Garden Tours Make for Great Escapes
Jan 30, 2015 04:05PM
● By Denise Schreiber
“A garden should make you feel you’ve entered privileged space—a place not just set apart but reverberant—and it seems to me that, to achieve this, turn its prose into something nearer poetry.”
There are three things that I like to do for vacation—go to a warm beach, visit bucket-list places like Hawaii and Great Britain, and visit gardens. You would think that since I do this for a living, it would be the last thing I would want to do, but frankly, it is one of my favorite ways to spend a vacation.
Chanticleer, tucked away in scenic Wayne, Pennsylvania, is referred to as a “pleasure garden,” and indeed it is. There is something for everyone in this garden. The 35 acres that make up the garden were donated by the Rosencrantz estate, and include a Teacup Garden situated in a whimsical courtyard filled with wild tropical plants. The Asian Woods is an example of a shady American woodland garden, using mostly native plants from the Far East. My favorite part of the Chanticleer is The Ruins.

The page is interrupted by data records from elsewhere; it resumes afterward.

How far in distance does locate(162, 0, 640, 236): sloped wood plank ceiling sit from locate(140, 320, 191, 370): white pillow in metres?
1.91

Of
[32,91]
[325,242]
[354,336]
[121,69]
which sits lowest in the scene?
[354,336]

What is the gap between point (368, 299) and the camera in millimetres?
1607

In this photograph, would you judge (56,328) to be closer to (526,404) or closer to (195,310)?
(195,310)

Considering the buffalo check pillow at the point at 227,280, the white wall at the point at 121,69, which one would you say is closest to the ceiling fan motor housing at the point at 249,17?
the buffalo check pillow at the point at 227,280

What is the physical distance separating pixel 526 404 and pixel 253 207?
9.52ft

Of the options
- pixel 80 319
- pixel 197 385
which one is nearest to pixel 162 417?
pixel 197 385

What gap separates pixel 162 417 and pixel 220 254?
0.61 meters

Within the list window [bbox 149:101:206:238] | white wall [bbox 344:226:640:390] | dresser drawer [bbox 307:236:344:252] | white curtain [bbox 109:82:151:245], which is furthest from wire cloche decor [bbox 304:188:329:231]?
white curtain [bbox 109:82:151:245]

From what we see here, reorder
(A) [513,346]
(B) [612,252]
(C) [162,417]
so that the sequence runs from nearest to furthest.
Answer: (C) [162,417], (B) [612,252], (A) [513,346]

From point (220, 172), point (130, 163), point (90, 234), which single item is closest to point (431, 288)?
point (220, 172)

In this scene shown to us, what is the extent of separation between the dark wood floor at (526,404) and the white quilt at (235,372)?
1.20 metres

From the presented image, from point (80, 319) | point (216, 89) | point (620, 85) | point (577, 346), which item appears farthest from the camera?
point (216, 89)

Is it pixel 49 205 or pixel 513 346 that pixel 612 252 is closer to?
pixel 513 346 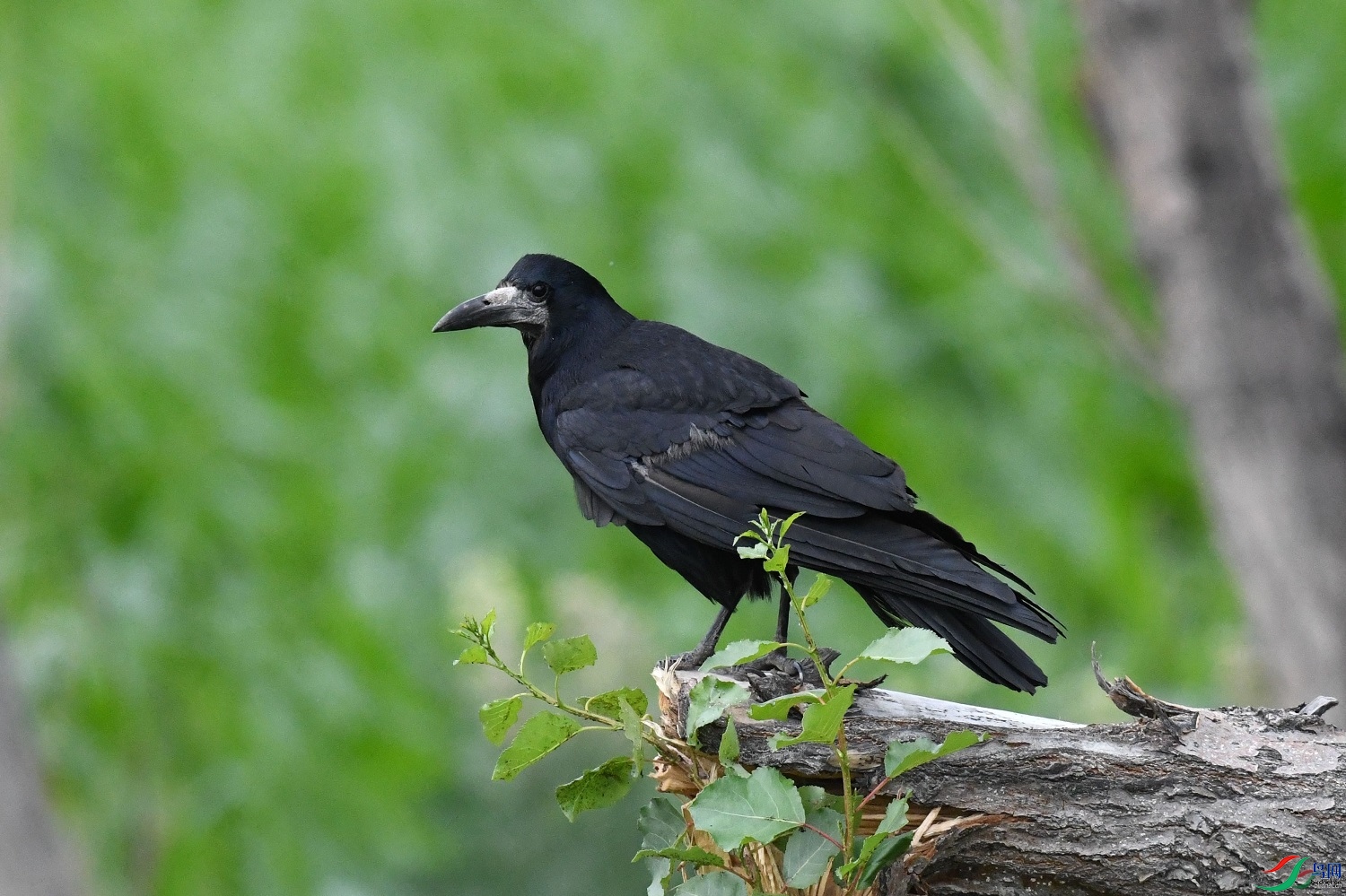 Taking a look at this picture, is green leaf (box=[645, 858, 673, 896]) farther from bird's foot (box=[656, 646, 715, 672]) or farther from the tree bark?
bird's foot (box=[656, 646, 715, 672])

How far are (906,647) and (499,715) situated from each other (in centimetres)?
74

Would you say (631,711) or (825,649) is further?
(825,649)

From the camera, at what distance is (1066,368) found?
350 inches

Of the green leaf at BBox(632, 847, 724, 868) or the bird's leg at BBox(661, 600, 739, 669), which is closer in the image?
the green leaf at BBox(632, 847, 724, 868)

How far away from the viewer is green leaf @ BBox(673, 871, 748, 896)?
2479mm

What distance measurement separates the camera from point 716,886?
2.49m

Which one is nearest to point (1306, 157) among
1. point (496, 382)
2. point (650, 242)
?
point (650, 242)

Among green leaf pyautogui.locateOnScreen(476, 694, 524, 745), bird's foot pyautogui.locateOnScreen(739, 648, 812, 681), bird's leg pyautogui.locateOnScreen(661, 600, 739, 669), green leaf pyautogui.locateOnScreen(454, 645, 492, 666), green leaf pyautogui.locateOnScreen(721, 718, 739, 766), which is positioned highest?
bird's leg pyautogui.locateOnScreen(661, 600, 739, 669)

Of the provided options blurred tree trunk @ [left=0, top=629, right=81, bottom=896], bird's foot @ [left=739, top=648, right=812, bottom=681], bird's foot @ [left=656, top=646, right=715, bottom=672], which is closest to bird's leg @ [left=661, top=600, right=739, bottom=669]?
bird's foot @ [left=656, top=646, right=715, bottom=672]

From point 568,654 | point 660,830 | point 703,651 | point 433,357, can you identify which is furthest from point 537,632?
point 433,357

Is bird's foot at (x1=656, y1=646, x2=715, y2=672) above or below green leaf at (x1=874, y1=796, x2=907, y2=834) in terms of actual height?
above

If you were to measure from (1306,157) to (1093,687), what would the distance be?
12.6ft

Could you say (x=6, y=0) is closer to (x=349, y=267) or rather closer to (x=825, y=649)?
(x=349, y=267)

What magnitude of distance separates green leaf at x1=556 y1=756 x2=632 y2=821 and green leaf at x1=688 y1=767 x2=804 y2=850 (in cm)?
29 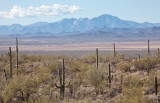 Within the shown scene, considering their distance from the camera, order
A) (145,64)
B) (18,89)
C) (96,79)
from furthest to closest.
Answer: (145,64) → (96,79) → (18,89)

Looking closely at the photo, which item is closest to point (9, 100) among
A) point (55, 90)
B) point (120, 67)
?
point (55, 90)

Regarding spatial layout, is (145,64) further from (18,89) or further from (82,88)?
(18,89)

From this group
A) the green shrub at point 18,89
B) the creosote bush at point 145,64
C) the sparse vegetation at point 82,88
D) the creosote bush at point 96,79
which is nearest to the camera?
the sparse vegetation at point 82,88

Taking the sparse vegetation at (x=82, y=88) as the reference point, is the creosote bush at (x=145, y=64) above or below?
above

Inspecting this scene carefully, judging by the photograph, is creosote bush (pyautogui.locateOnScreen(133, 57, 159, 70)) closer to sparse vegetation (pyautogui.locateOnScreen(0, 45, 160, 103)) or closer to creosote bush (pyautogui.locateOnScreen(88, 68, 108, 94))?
sparse vegetation (pyautogui.locateOnScreen(0, 45, 160, 103))

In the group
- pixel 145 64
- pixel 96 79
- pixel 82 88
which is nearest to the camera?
pixel 96 79

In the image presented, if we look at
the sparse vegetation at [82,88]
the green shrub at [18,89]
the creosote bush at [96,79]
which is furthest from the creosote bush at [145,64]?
the green shrub at [18,89]

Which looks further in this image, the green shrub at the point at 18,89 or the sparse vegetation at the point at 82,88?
the green shrub at the point at 18,89

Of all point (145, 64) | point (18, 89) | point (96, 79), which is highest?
point (145, 64)

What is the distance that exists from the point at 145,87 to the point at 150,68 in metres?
9.56

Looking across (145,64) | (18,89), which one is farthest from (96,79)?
(145,64)

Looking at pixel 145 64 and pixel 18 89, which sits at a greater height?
pixel 145 64

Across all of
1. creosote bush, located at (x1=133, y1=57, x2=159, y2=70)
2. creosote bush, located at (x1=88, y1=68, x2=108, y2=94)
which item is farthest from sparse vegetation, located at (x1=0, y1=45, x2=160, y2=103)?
creosote bush, located at (x1=133, y1=57, x2=159, y2=70)

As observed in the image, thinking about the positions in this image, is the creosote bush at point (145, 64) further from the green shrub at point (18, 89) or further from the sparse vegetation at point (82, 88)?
the green shrub at point (18, 89) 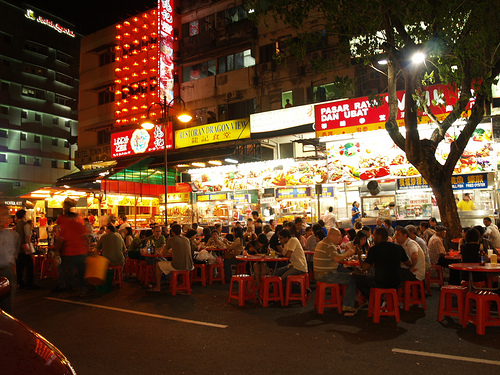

Built like a long-ago castle now in ruins, it sits atop a hill and features creative pieces of marble sculpture including faces in a fountain, a water table and my personal favorite, what I call the “living room.” A sofa and chair, crafted out of stone and Wissahickon schist (a type of indigenous stone), overlook a blooming meadow below. It even has a remote control representing the four seasons; it is a place I could sit watching the seasons change for an eternity.
Longwood Gardens is perhaps the most well-known garden in Pennsylvania and in the United States. Started by Pierce DuPont, the garden contains 1,077 acres of plants indoors and out that showcase their form and flowers as well as their usefulness. Longwood Gardens has over 9,000 plants and has a plant exploration department that rivals that of any institution. You can wander through the orchid house with its intoxicating blooms or gaze in wonder at the giant lily pads in the water garden that have been developed through Longwood’s breeding programs.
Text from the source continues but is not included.